Smith sighed. "I intend to send my people in to the Koreas," he said. "The Masters of Sinanju are undisputed experts of the Korean political scene, and have been since time immemorial. Since it is his homeland, Master Chiun is infinitely suited to dealing with the current tensions."
"Whatever you say, Smith," the President said. He sounded distracted. "I told you to stay out," he whispered hoarsely.
Over the phone, Smith heard a door creak shut. He closed his eyes patiently. "I will keep you apprised of any new developments," he said.
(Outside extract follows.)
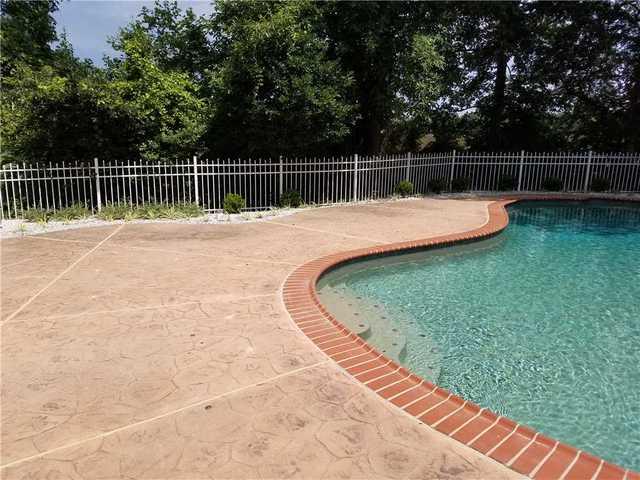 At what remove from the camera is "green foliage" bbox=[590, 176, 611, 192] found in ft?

While he was hanging up the phone, he heard the same woman's voice as before. It was obvious now that it was not the First Lady. She was singing "Happy Birthday" in a husky whisper. Smith hung up the receiver as the President of the United States guffawed with delight.
Chapter 20
The plain was endless.
There was sky, but it was washed in blood. Like the atmosphere of a planet in the sphere of a red giant sun.
The red Martian landscape stretched out limitlessly in all directions. At some hazy point in the far-distant horizon, the red of the sky swept over the red of the land, creating a muddied seam of blood.
Man Hyung Sun watched the horizon and smiled.
He had visited this place in his mind before. Many times in the past several days. But he had seen it prior to that. In both daydreams and nightmares when he thought he was going mad.
It was not madness. It was real. And unreal.
This thing had been calling to him for months. It knew of destiny. It knew his future. It had even given him some directions on a subconscious level for almost a year prior to this current cycle of events.
Mike Princippi had known of it. He had encountered the thing in America's West. But he had chosen to ignore the sweet, vaporous song. He had forced the images from his mind and had given away the vessel. It had taken Man Hyung Sun much time to search out the former governor in his mind. The thoughts drawing him to this place had not been clear until very recently. Now they seemed so obvious.
The figure was where it had been. Clothed in a haze of yellow fog, it sat upon the endless flat plain. The head and eyes of a man looked up as Sun approached.
"I am weak," the strange, otherworldly figure lamented when Sun crouched down beside it. Puffs of yellow smoke danced around the ethereal shape like thin clouds scudding across a clear sky.
It was the same complaint as always. Sun smiled comfortingly. "You cannot know true weakness," he assured the figure. "For to be truly weak is to be Man. And you are not Man."